Opinião

A espuma dos dias pandémicos

A espuma dos dias pandémicos

Enquanto a Europa dá sinais de desorientação no combate à covid-19 usando e abusando da figura do estado de emergência, como no caso espanhol ou francês, quase até maio de 2021, o Governo português procura não se deixar arrastar da mesma forma.

Parece avisado. Desde logo alterando o seu modelo de comunicação sobre a pandemia para o que já havíamos alertado, aqui, em 6 de agosto passado. Mais vale tarde do que nunca.
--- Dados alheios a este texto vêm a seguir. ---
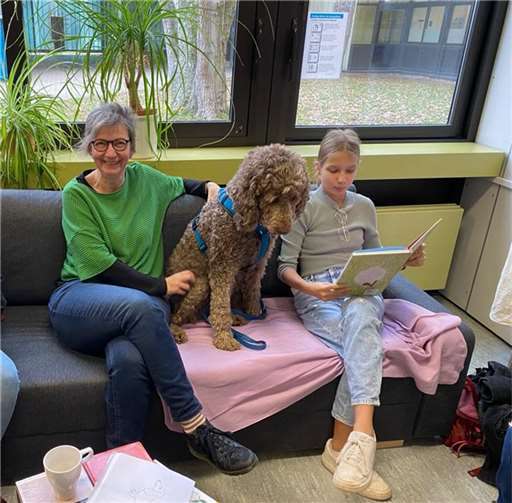 Lesepaten begleiten Kinder dabei, ihre Lese- und Sprachkompetenz zu verbessern.  Foto: privat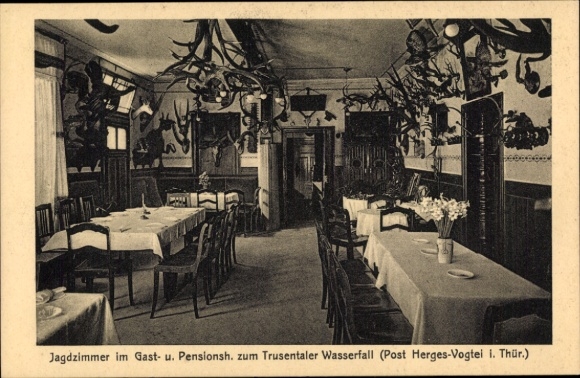 Ak Herges Vogtei Trusetal, Gasthaus zum Trusentaler Wasserfall, Jagdzimmer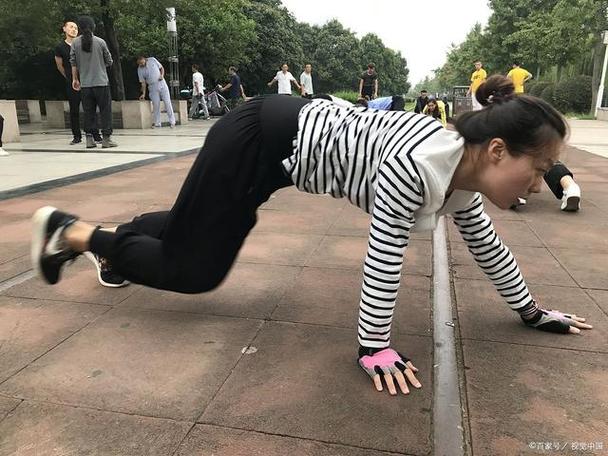 人类爬行最快速度是多少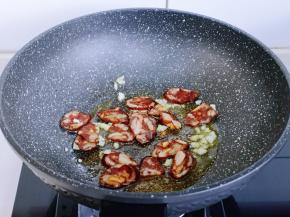 起油锅，加入切好的蒜炒香，再加入切好的辣炒煸炒。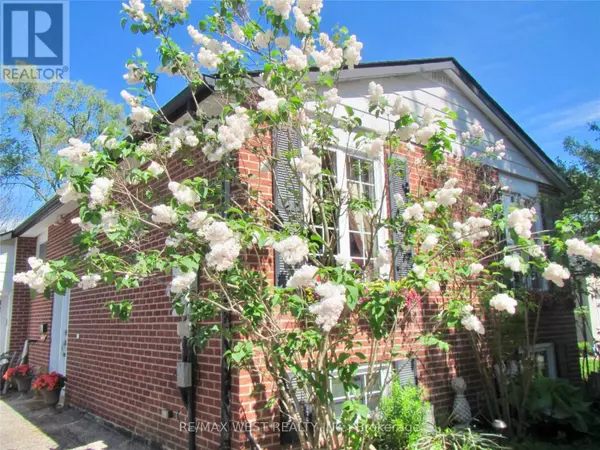 Newmarket (central Newmarket), ON L3Y1E3,249 HODGSON DRIVE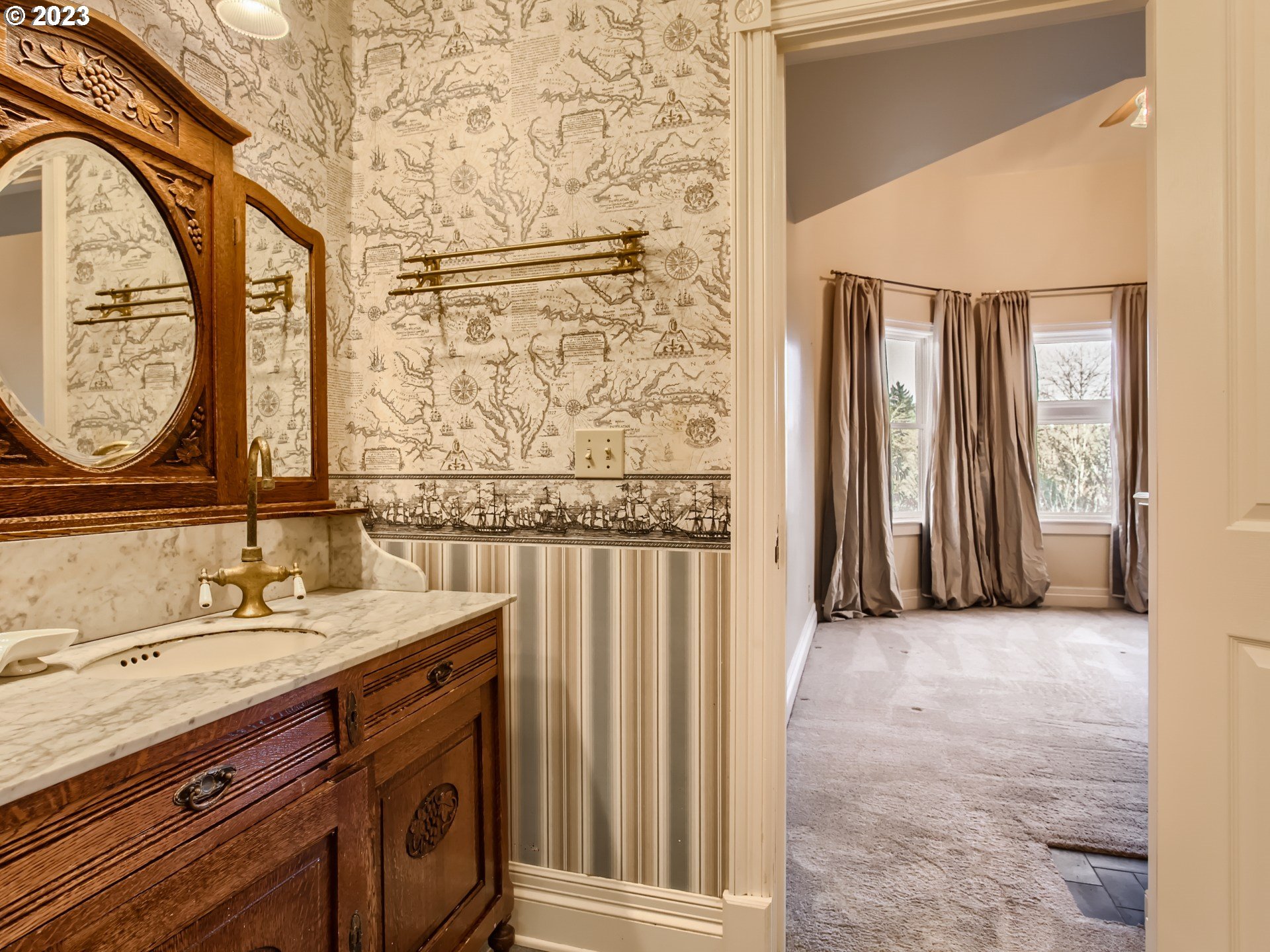 2229 Northwest Mill Pond Road Portland, OR 97229 - Photo 23 of 41 Owner's Suite Bathroom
Torna-se necessário deixar a componente técnica da pandemia exercer as suas competências e possibilitar aos profissionais de saúde os meios necessários para tal.

Aos políticos compete estarem já a preparar a gestão do pós-crise pandémica e das dificuldades que da mesma vão emergir.

Desde logo, as relacionadas com as políticas públicas de envelhecimento. Vemos o Parlamento a discutir a eutanásia, mas não temos uma palavra sobre a demografia do país e as necessárias alterações que a mesma exige.

Depois o modelo de gestão do nosso Serviço Nacional de Saúde. Este está esgotado e necessita de, cada vez mais, se assumir como um Sistema de Saúde onde convergem vários atores na sua operacionalidade.

Faltam, ao mesmo tempo, sinais de apoio à economia e ao elevar dos salários e do poder de compra das famílias. Continuamos a discutir a legislação laboral e as reivindicações dos funcionários públicos, esquecendo que muitas pessoas quase que já pagam para ir trabalhar. O quadro das prestações sociais extraordinárias evidencia que já parece não compensar trabalhar para ir receber o salário mínimo nacional.

Não sei em que país vive o nosso Governo e o nosso Parlamento. Sabemos é que, ao adiar constantemente as reformas que Portugal necessita, estamos a comprometer o futuro das novas gerações e a criar elites que vivem dos impostos da cada vez mais depauperada classe média.

A Constituição de 1976 consagrou princípios de um Estado social, de uma economia de iniciativa privada e um papel público regulador.

Ora, chegados a este ponto, o Governo continua a acreditar que com os dinheiros da Europa se aguenta isto mais um tempo e, depois, logo se verá.

Dizem as más línguas que o nosso primeiro-ministro já estará a estudar uma saída a Durão Barroso.

Uma nota final para o Norte e um elogio para Rui Moreira e a Associação Comercial do Porto. Ao assumirem o combate sobre o papel da TAP, em relação ao Aeroporto Sá Carneiro, vieram chamar a atenção para o completo desatino em que se encontra a companhia pública. Agora que já não temos o cineasta António Pedro Vasconcelos preocupado com os privados na empresa resta-nos os despedimentos e o fecho de linhas.

Aguardemos o fim da espuma dos dias pandémicos.